Abu Daud mengatakan, telah menceritakan kepada kami Muslim ibnu Ibrahim, telah menceritakan kepada kami Ar-Rabi' ibnu Muslim, dari Muhammad ibnu Ziyad, dari Abu Hurairah, dari Nabi Saw. yang telah bersabda: Tidaklah bersyukur kepada Allah orang yang tidak berterima kasih kepada (kebaikan) orang lain.

Imam Turmuzi meriwayatkannya dari Ahmad ibnu Muhammad, dari Ibnul Mubarak, dari Ar-Rabi' ibnu Muslim, dan Imam Turmuzi mengatakan bahwa hadis ini sahih.

Abu Daud mengatakan bahwa telah menceritakan kepada kami Abdullah ibnul Jarrah, telah menceritakan kepada kami Jarir, dari Al-A'masy, dari Abu Sufyan, dari Jabir, dari Nabi Saw. yang telah bersabda: Barang siapa yang mendapat suatu cobaan (yang baik), lalu ia menyebutnya, berarti dia telah mensyukurinya; dan barang siapa yang menyembunyikannya, berarti dia telah mengingkarinya.

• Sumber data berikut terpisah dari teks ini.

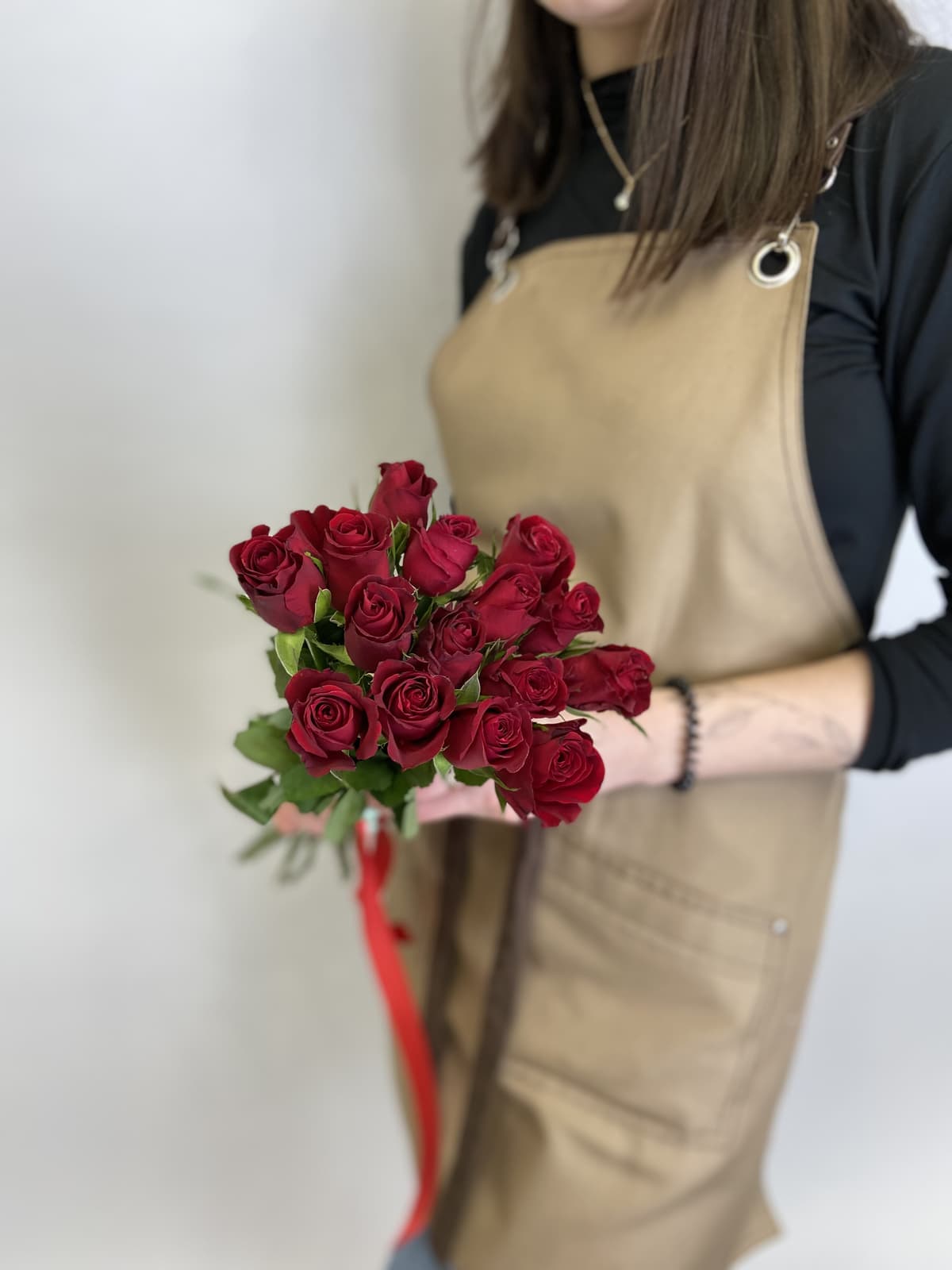 Любимый букет 15 шт Розы КРАСНЫЕ Кения 35-40см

Imam Abu Daud meriwayatkan hadis ini secara munfarid (tunggal).

Abu Daud mengatakan, telah menceritakan kepada kami Musaddad, telah menceritakan kepada kami Bisyr, telah menceritakan kepada kami Imarah ibnu Gaziyyah, telah menceritakan kepadaku seorang lelaki dari kalangan kaumku, dari Jabir ibnu Abdullah yang mengatakan bahwa Rasulullah Saw. pernah bersabda: Barang siapa yang diberi suatu pemberian, lalu ia mempunyai sesuatu untuk membalasnya, maka balaslah pemberian itu. Dan jika ia tidak mempunyai sesuatu untuk membalasnya, maka hendaklah ia memuji pemberinya. Maka barang siapa yang memuji pemberinya, berarti telah mensyukurinya; dan barang siapa yang menyembunyikannya (tidak menyebutnya), berarti dia telah mengingkarinya.

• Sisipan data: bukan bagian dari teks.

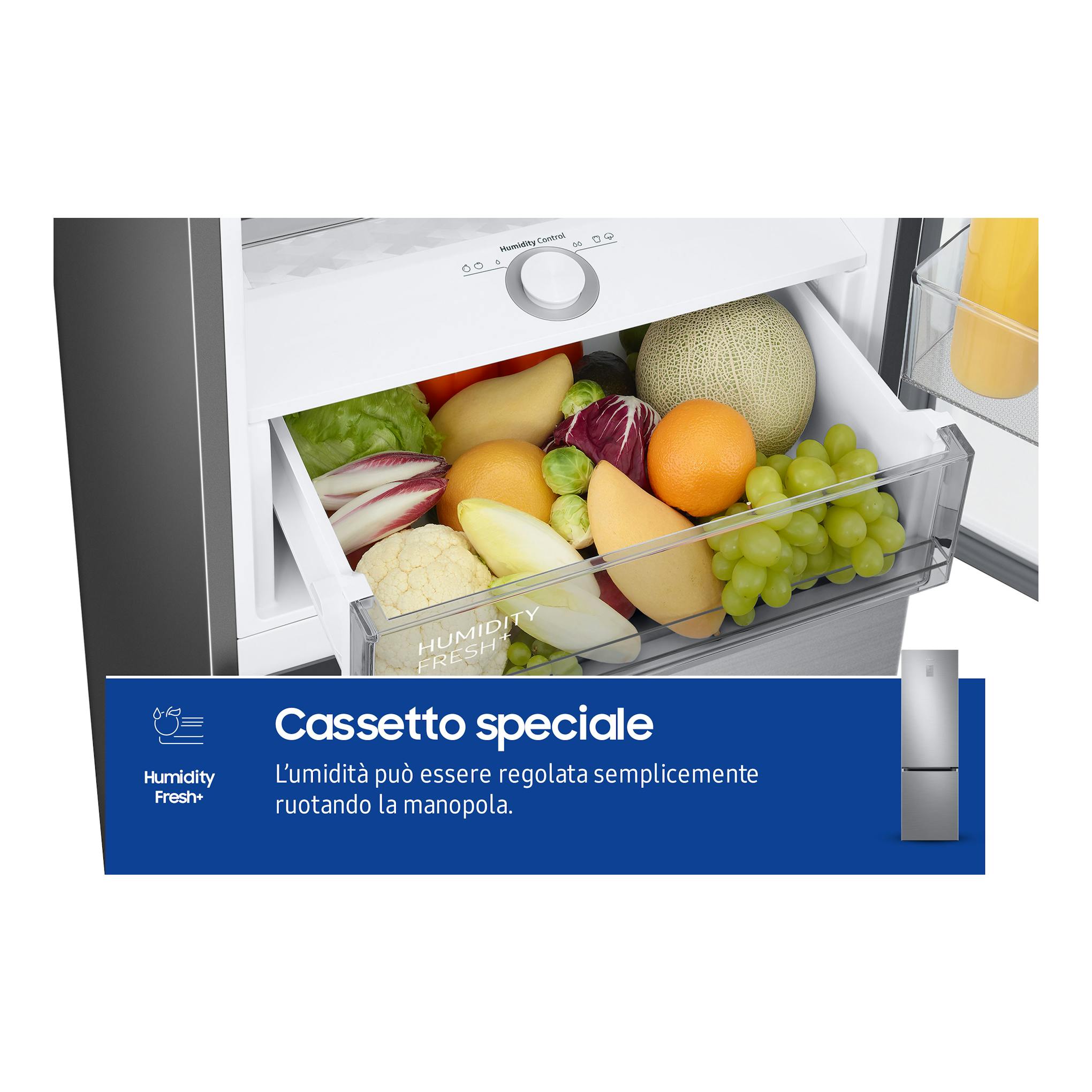 Samsung RB38C776DS9/EF: cajón Humidity Fresh+ de frigorífico combi, en primer plano, con frutas y verduras.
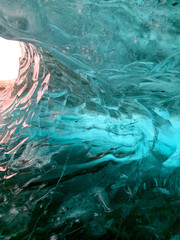 Fototapeta na wymiar Ice cave, glacier shapes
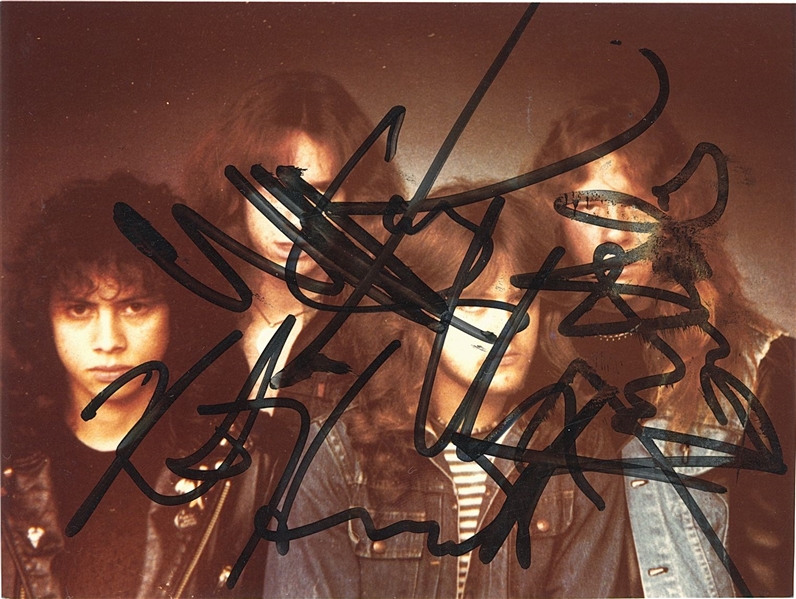 Metallica Group Signed w/ Cliff Burton 5” x 3.75” Photo (4 Sigs) (Third Party Guaranteed)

Abu Daud mengatakan bahwa dan Yahya ibnu Ayyub meriwayatkannya dari Imarah ibnu Gaziyyah, dari Syurahbil, dari Jabir; mereka tidak mau menyebut nama Syurahbil karena mereka tidak suka kepadanya. Abu Daud meriwayatkan hadis ini secara munfarid (tunggal).

Mujahid mengatakan bahwa nikmat yang dimaksud dalam ayat ini adalah kenabian yang telah diberikan oleh Allah Swt. kepada Nabi-Nya. Yakni syukurilah kenabian yang telah diberikan Tuhanmu kepadamu. Menurut riwayat yang lain, nikmat yang dimaksud adalah Al-Qur'an.

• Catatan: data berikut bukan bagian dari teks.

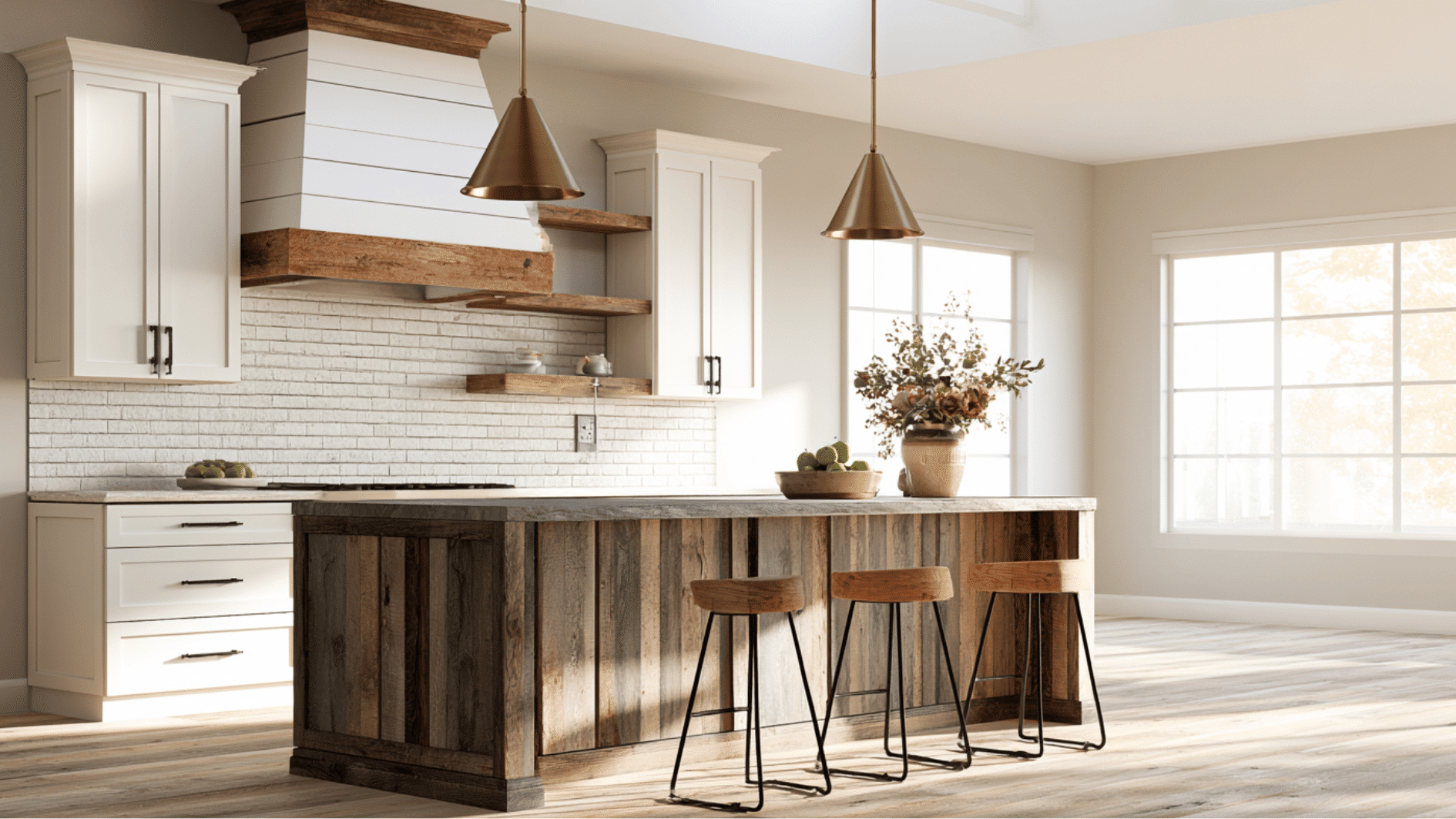 farmhouse kitchen with large wood island, brass pendant lights, and bright modern rustic interior design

Lais telah meriwayatkan dari seorang lelaki, dari Al-Hasan ibnu Ali sehubungan dengan makna firman-Nya: Dan terhadap nikmat Tuhanmu, maka hendaklah kamu menyebut-nyebutnya (dengan bersyukur). (Adh-Dhuha: 11) Yakni kebaikan apapun yang telah kamu kerjakan, maka ceritakanlah hal itu kepada saudara-saudaramu.

Muhammad ibnu Ishaq telah mengatakan sehubungan dengan makna ayat ini, bahwa apa yang telah diberikan oleh Allah kepadamu berupa nikmat, kemuliaan dan kenabian, hendaklah engkau menyebut-nyebutnya dan ceritakanlah kepada orang lain dan serulah (mereka) kepadanya. Muhammad ibnu Ishaq melanjutkan, bahwa lalu Rasulullah Saw. menceritakan karunia kenabian yang telah diterima olehnya itu kepada orang-orang yang telah beliau percayai dari kalangan keluarganya secara diam-diam. Lalu difardukanlah ibadah salat kepadanya, maka beliau mengerjakannya.

Tafsir Quraish Shihab
Muhammad Quraish Shihab

Apabila hal ini yang Allah lakukan terhadapmu, maka janganlah kamu berlaku sewenang-wenang kepada anak yatim, jangan mengusir orang yang meminta-minta dengan kekerasan, dan sebutlah nikmat Tuhanmu sebagai rasa syukur kepada Allah dan juga untuk menunjukkan nikmat-Nya.